Having an extra option is nice though. But it’s often one or the other.
A modern iPhone or high end Android both offer the same API where you can get the phone to give your app effectively proof this is the same phone that previously enrolled being used by the same person. Did the phone decide that by examining their fingerprint, video of their face, a blood sample? - you don't know, but it assures you it verified the user and it's definitely the same phone your user used to enroll. You may notice this is the same feature as WebAuthn and is driven by the same technology.
If you have server backend code for WebAuthn, the scenario for an app is essentially the same except, where you need your site's domain name for WebAuthn, these iOS/Android APIs need you to do a little bit of work in your app development cycle, get an ID out of that which is effectively unique for your app, and stick that ID into your backend code where the domain name goes.
So, users cannot enroll once and have it work both in the app and on a web login, because if that could work an iOS or Android app could exist that just gives bad guys all your WebAuthn credentials - but if your users only do one or the other, they don't care, and either will work with only a small tweak to your backend.
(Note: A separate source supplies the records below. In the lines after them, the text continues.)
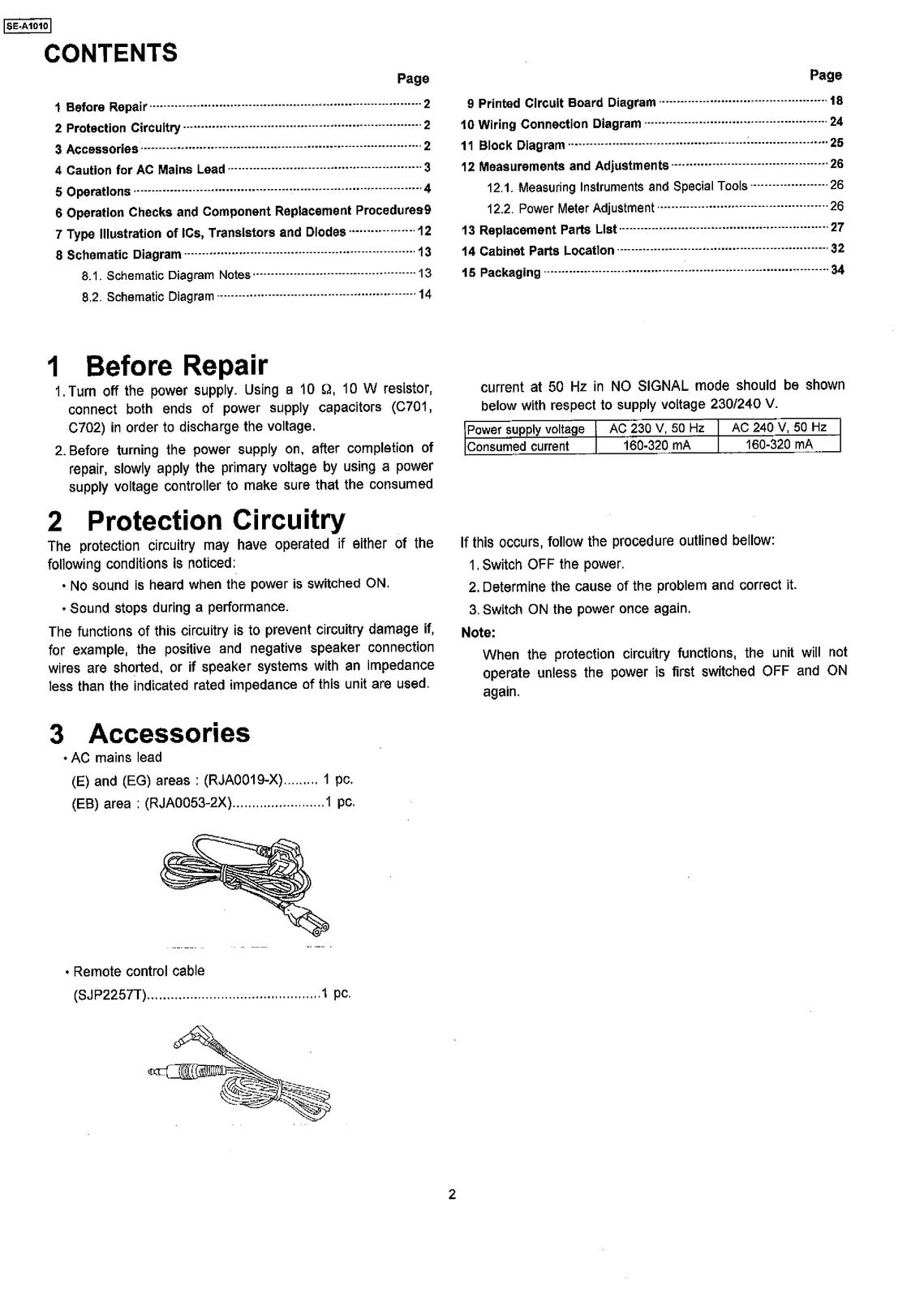 TECHNICS SE-A1010 Stereo Power Amplifier Service Manual 1999 - WIRE BOUND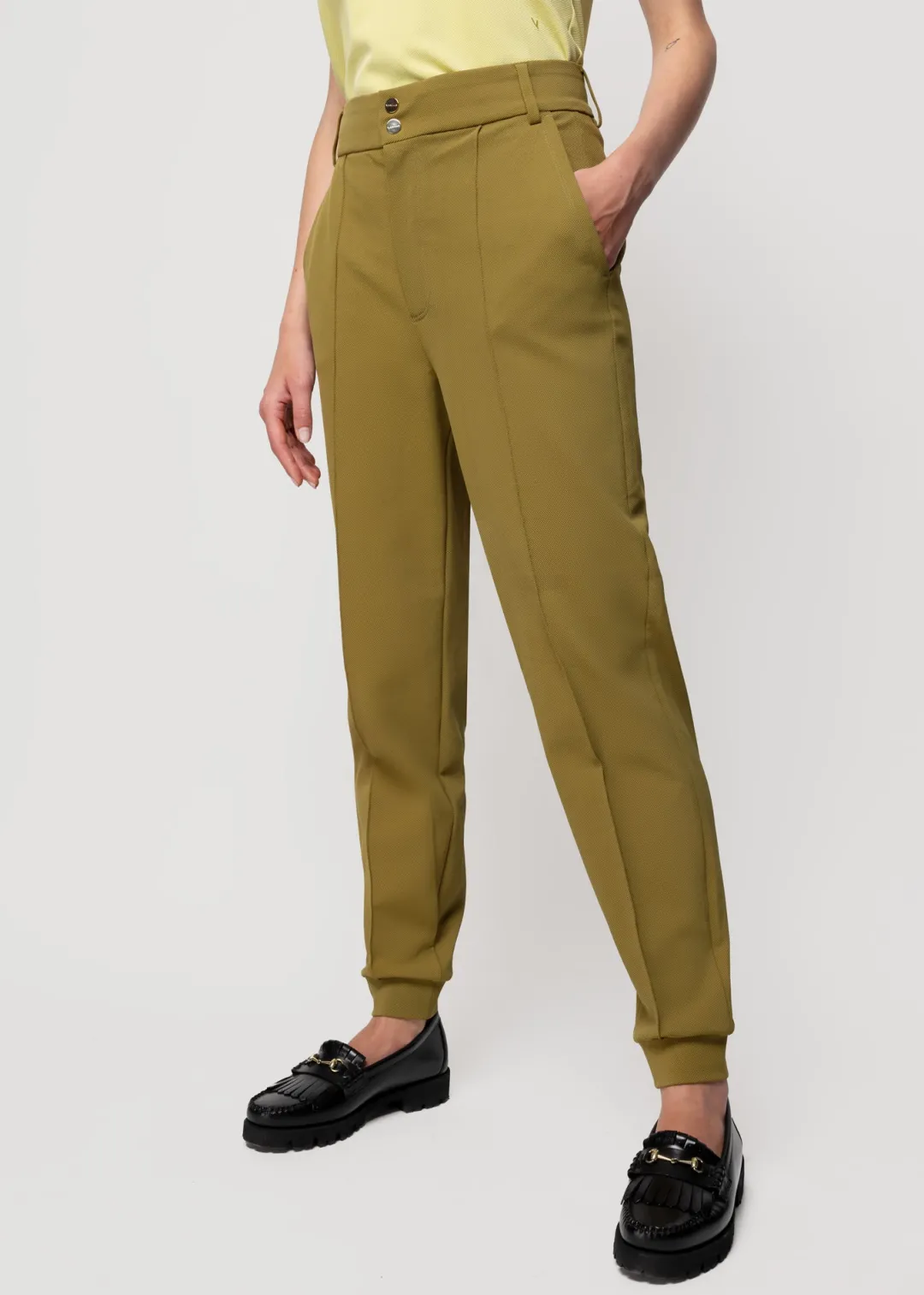 Best Vanilia Chinohose Aus Twill Olive Tree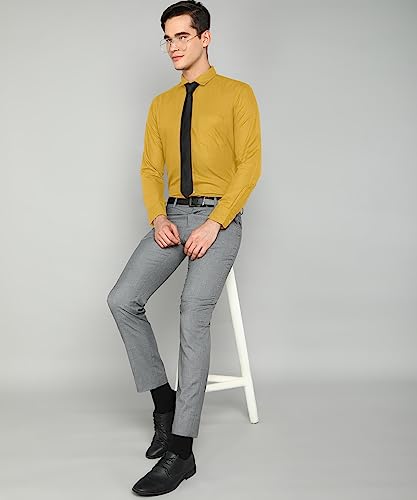 Image of MILDIN Men's Pure Cotton Striped Printed Shirt with Spread Collared Neck Full Sleeve Curved Hemline Button Closure and Regular Fit | Shirt for Man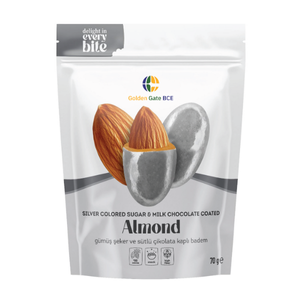 SILVER COLORED SUGAR & MILK CHOCOLATE COATED ALMOND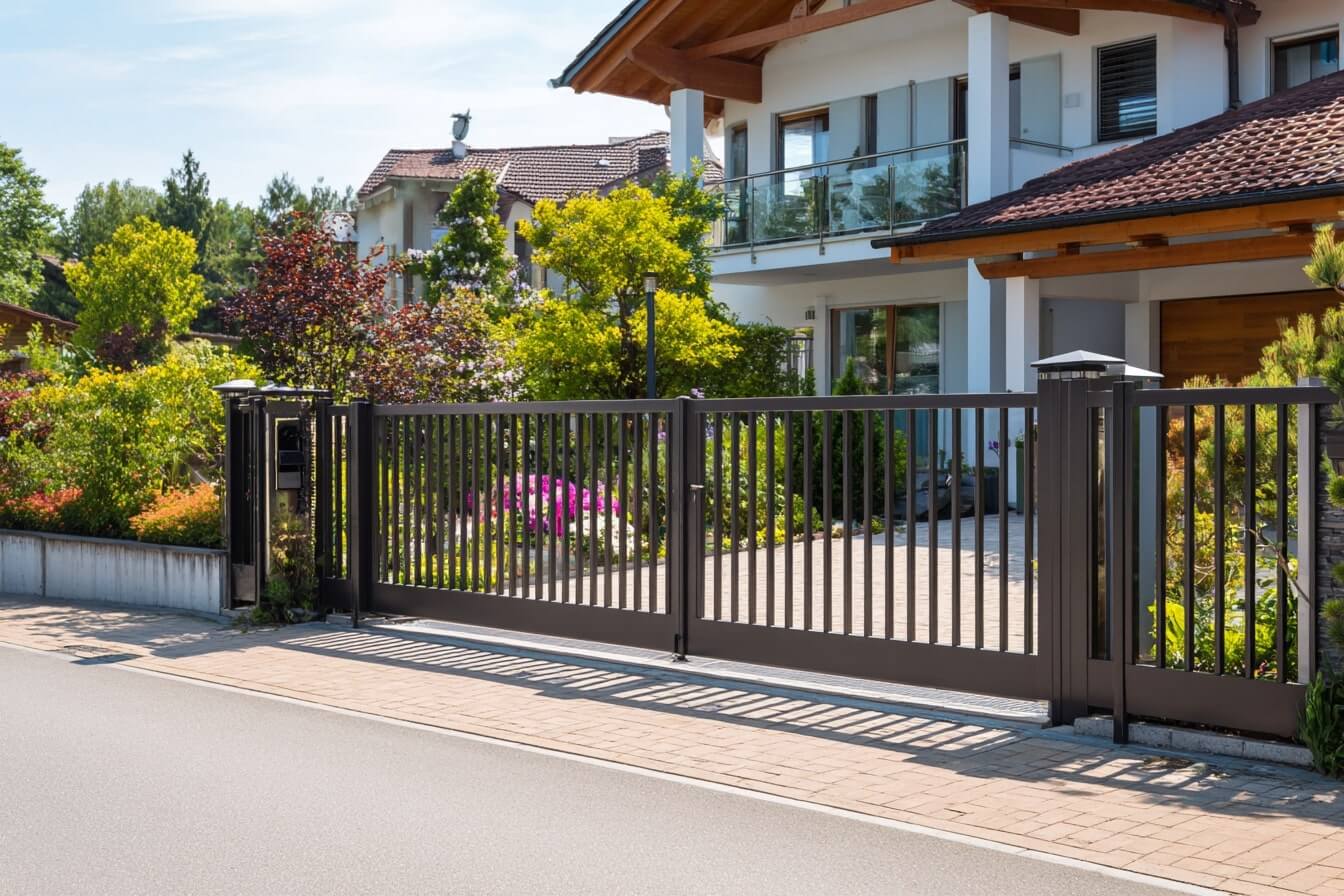 Lamellenzaun im Garten eines Privathaushaltes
If you have users who have the app but don't realise your web site isn't the app, I believe there are already mechanisms to "help" them get where they should be.
(I'm aware of the implications, don't need a lecture)
> All data is encrypted even if is stored in iCloud, so you never have to worry about nasty hackers.
That looks like there's a word missing or something.
Edit: Choice is great! Keep up the fantastic work.
I found the user interface to be clean, a big plus in my book.
An encrypted file with that an application decrypts is still available to the user. ie, they keys are loaded into memory. In most phone and hardware tokens the key is done by a dedicated security chip and is never loaded into main memory.
"One thing you have, one thing you know" is a nice heuristic but it isn't an actual threat model analysis.